The Julian calendar was used for quite some time, and is still used in some parts of the world. The problem with it is that the year is not 365 days long. It is 365 ¼ days long. The Julian calendar worked quite well for quite a long time. The problem came with the placement of Easter and the vernal equinox. It had been decided at the Council of Nicea around 325 CE that Easter would be the Sunday after the first new moon after the Vernal Equinox, on March 21st. But because of that ¼ of a day, by 1263, the vernal equinox had moved to March 13th. If something weren’t done, eventually Easter and Christmas would be celebrated on the same day. By 1582, the vernal equinox had shifted to March 11th. That was when Pope Gregory stepped in. The first thing he did was to drop ten days changing October 5, 1582 to October 15, 1582. This brought the calendar back into line with the sun. Then he developed the system of leap years that we have today. So every fourth year we add a day to the Calendar to keep us inline with the sun.
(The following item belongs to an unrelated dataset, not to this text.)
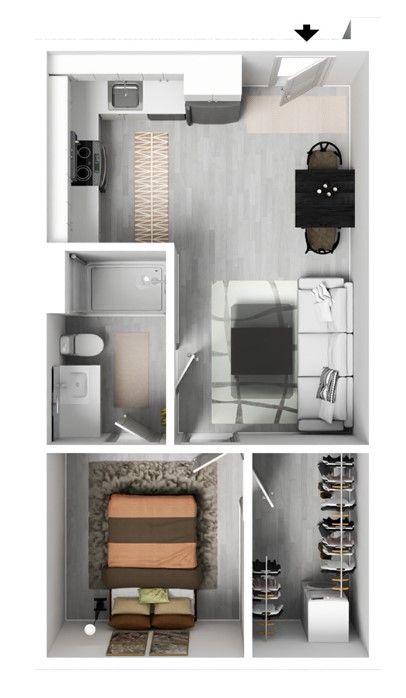 A floor plan of a small apartment with a bedroom , living room , dining room , and bathroom.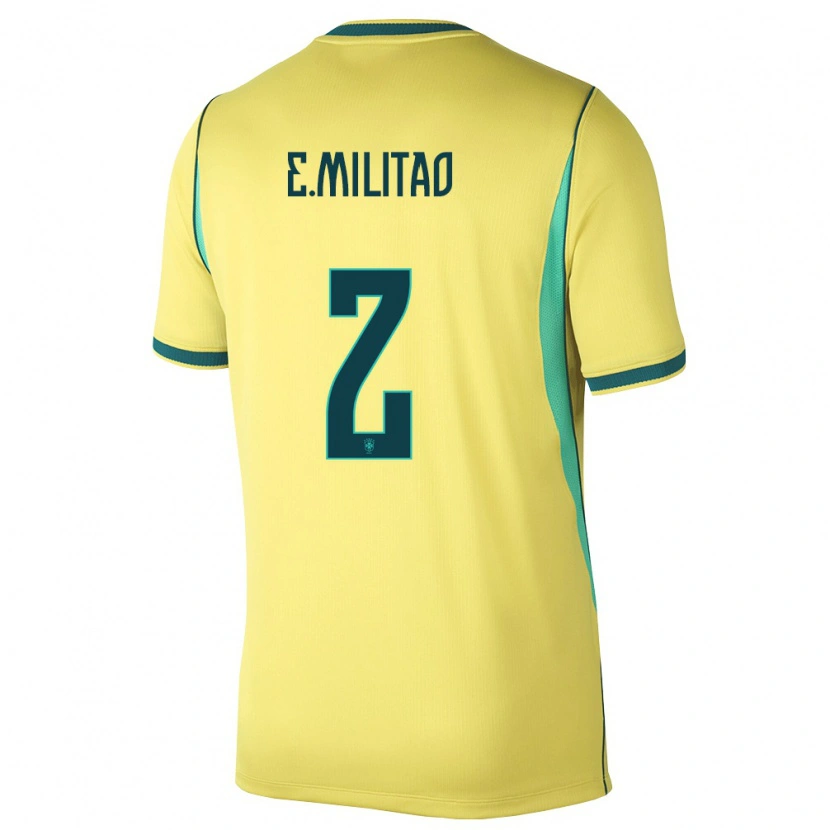 Danxen Mujer Camiseta Brasil Éder Militão #2 Amarillo Verde 1ª Equipación 26-28 La Camisa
Had the Pope acted back in 1263 when people first started to note the discrepancy, there wouldn’t have been a problem. Unfortunately, by 1582, a good part of Europe was already Protestant. They rejected the Gregorian calendar and kept the Julian. By 1700, however, the Julian calendar was sufficiently out of whack so that Protestant Germany and the Netherlands fell into line and adopted the Gregorian calendar. Great Britain and its colonies continued with the Julian calendar until 1752 when 11 days were dropped from the calendar and the Gregorian calendar was adopted. So September 2, 1752 became September 13, 1752 and people suddenly found themselves 11 days older. There were riots all over England because the Brits demanded their 11 days back. Thus, Washington was not born on Washington’s birthday.

The Eastern orthodox countries were even more stubborn than the Protestant countries. The Russians were not to adopt the Gregorian calendar until after World War I. In fact, the Eastern Orthodox Church still uses the Julian calendar to this day. That is why their Christmas falls on January 6th. It is December 25th on their calendar.

It must be very annoying to those fundamentalists that their perfect God refuses to align the year so that the days, months, seasons, and years work out evenly. But, thanks to all these different calendars we have the opportunity to begin the year several times a year. This gives us the chance to keep on adjusting those New Year’s resolutions. Of course, it also gives us more opportunities to break them. I say we can always use another good reason to celebrate.